(TASK)
Exact reproduction, images excluded: write out the records below.

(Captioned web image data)
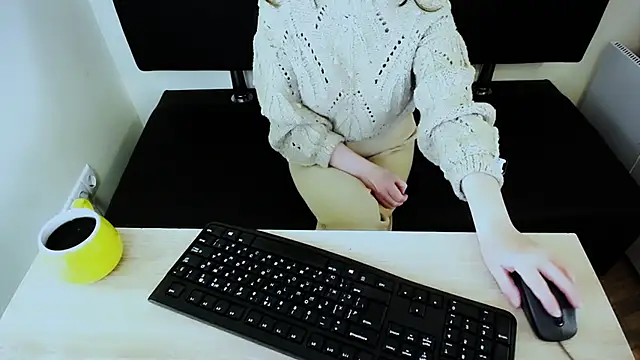 Snapshot of LaimaV_ chatting on 28, 10, 2025 LaimaV online show from 28, 10, 2025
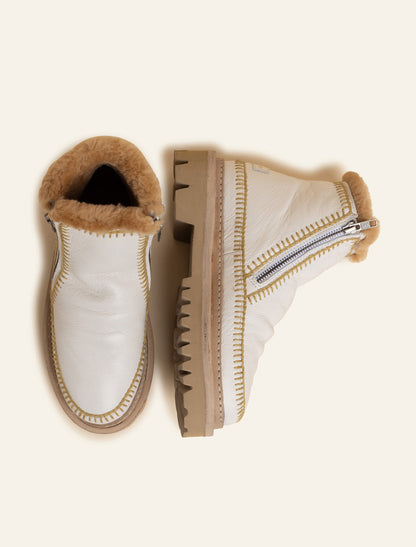 Setsu 3.0. Crochet Ankle Boot Milk Leather Latte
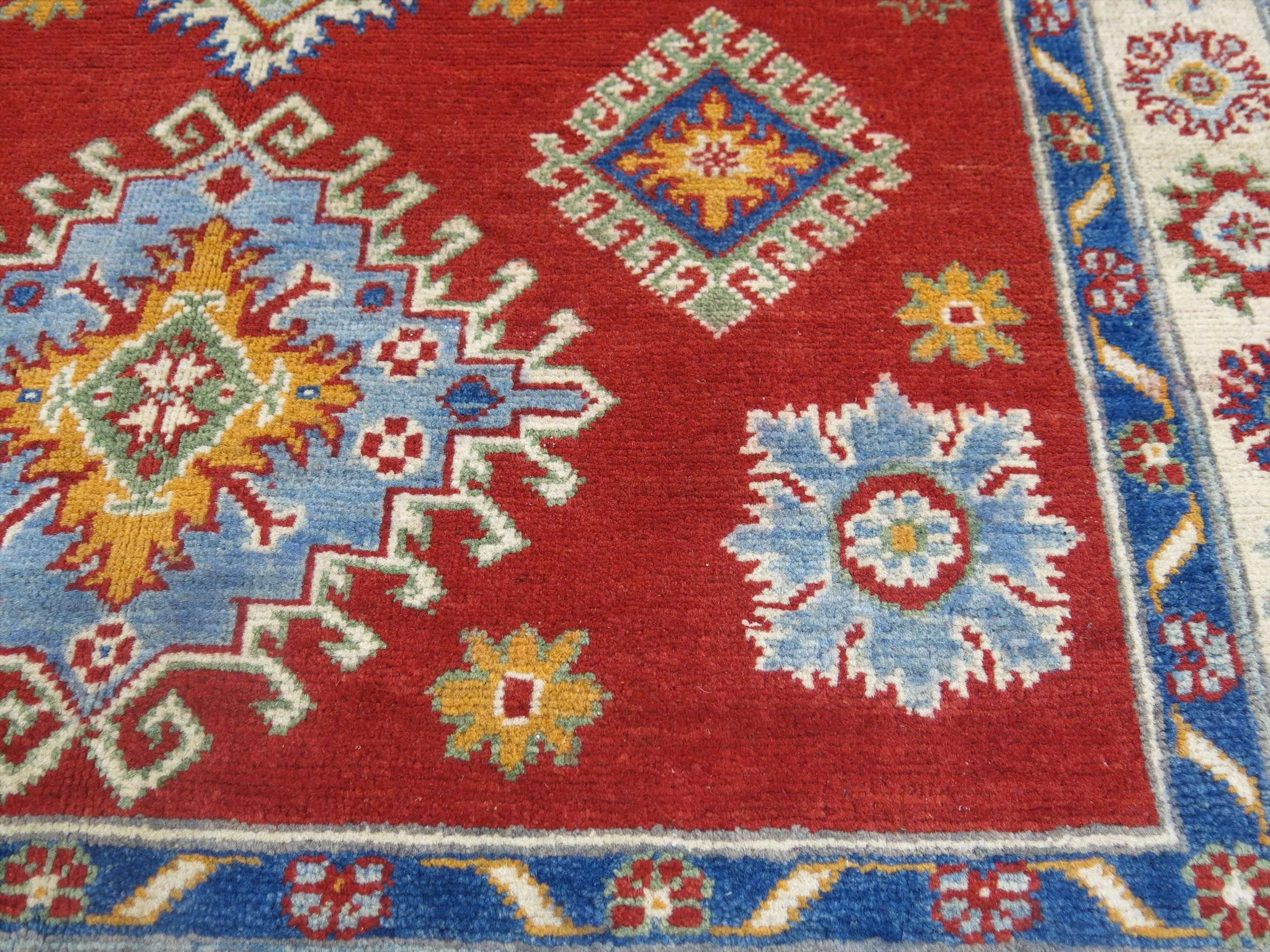 Oriental rug Kazak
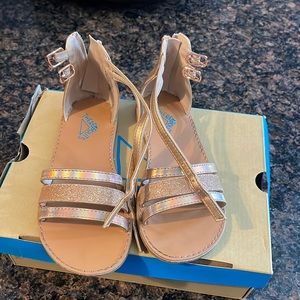 Little girls gold sandals with strap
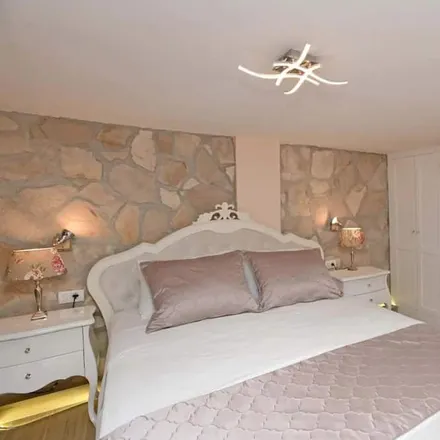 Rent this 3 bed house on Sheraton Dubrovnik Riviera Hotel in Šetalište dr. Franje Tuđmana, 20207 Srebreno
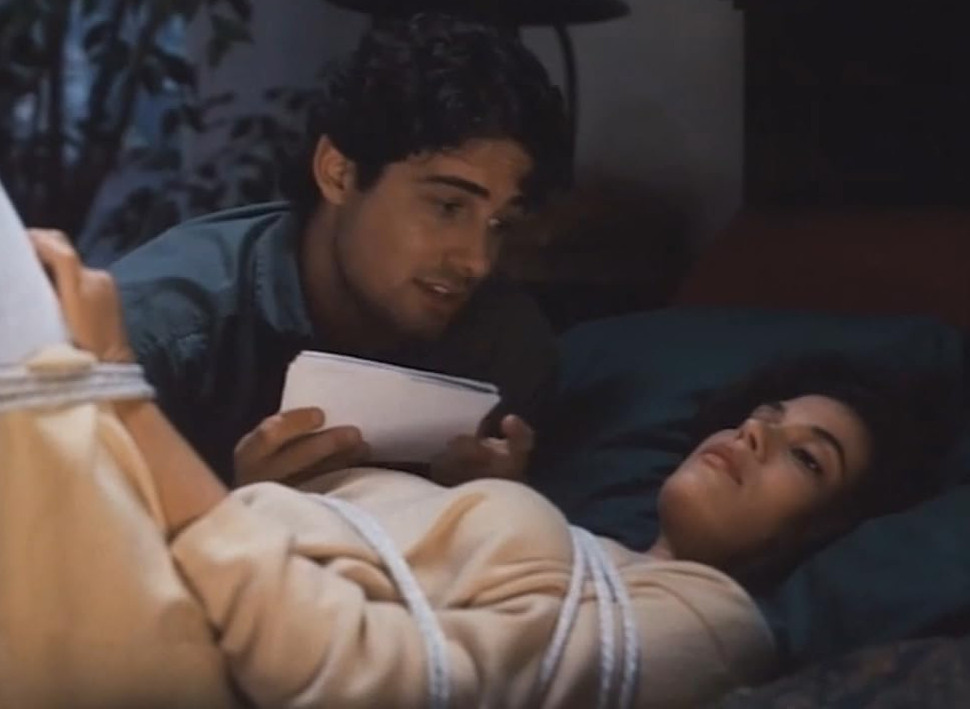 Кадр из фильма «По рукам и ногам» (1993)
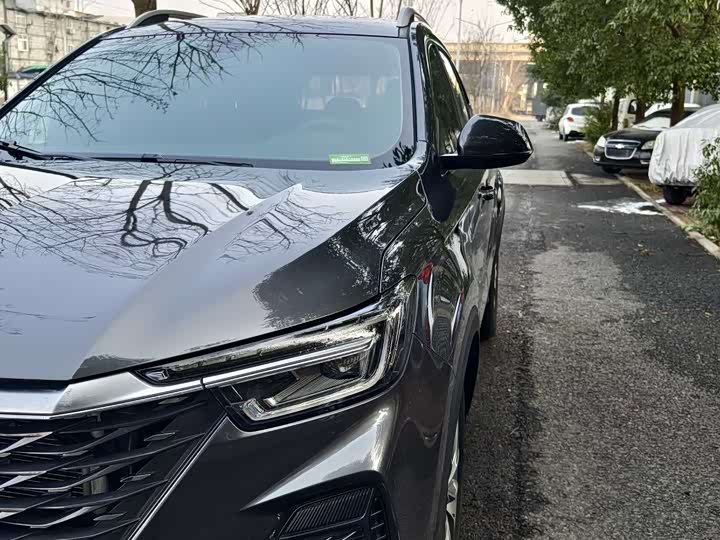 Фото 9 - Roewe RX5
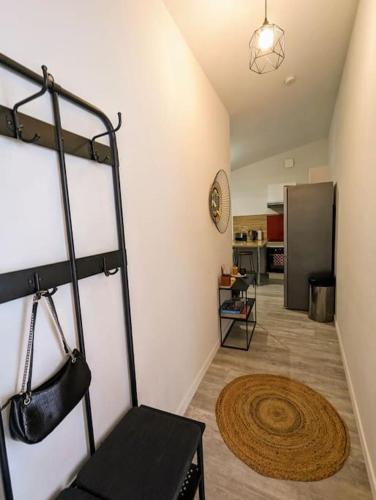 - un salon avec une chambre avec une échelle et une cuisine dans l'établissement Appartement équipé tout confort Montélimar, à Montélimar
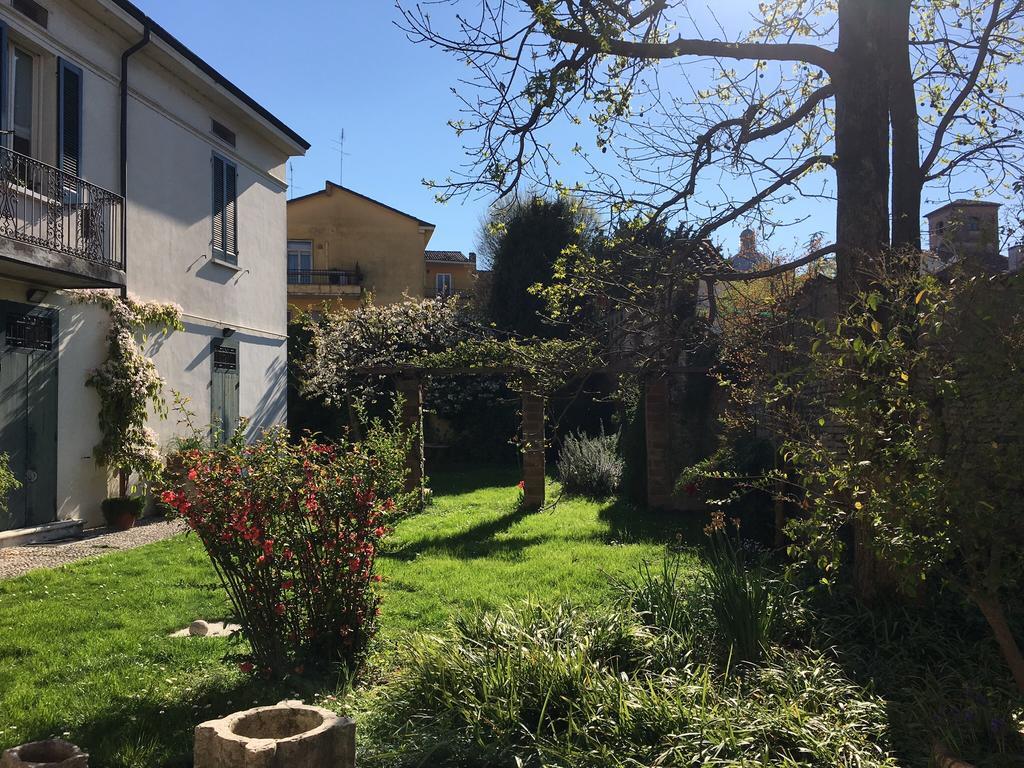B&B L'Affresco Mantova Exterior photo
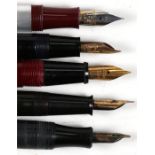 A group of five fountain pens, to include a Conway Stewart 84 and a Wyvern 690 (5).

(TASK SOLUTION)
 Snapshot of LaimaV_ chatting on 28, 10, 2025 LaimaV online show from 28, 10, 2025
 Setsu 3.0. Crochet Ankle Boot Milk Leather Latte
 Oriental rug Kazak
 Little girls gold sandals with strap
 Rent this 3 bed house on Sheraton Dubrovnik Riviera Hotel in Šetalište dr. Franje Tuđmana, 20207 Srebreno
 Кадр из фильма «По рукам и ногам» (1993)
 Фото 9 - Roewe RX5
 - un salon avec une chambre avec une échelle et une cuisine dans l'établissement Appartement équipé tout confort Montélimar, à Montélimar
B&B L'Affresco Mantova Exterior photo
 A group of five fountain pens, to include a Conway Stewart 84 and a Wyvern 690 (5).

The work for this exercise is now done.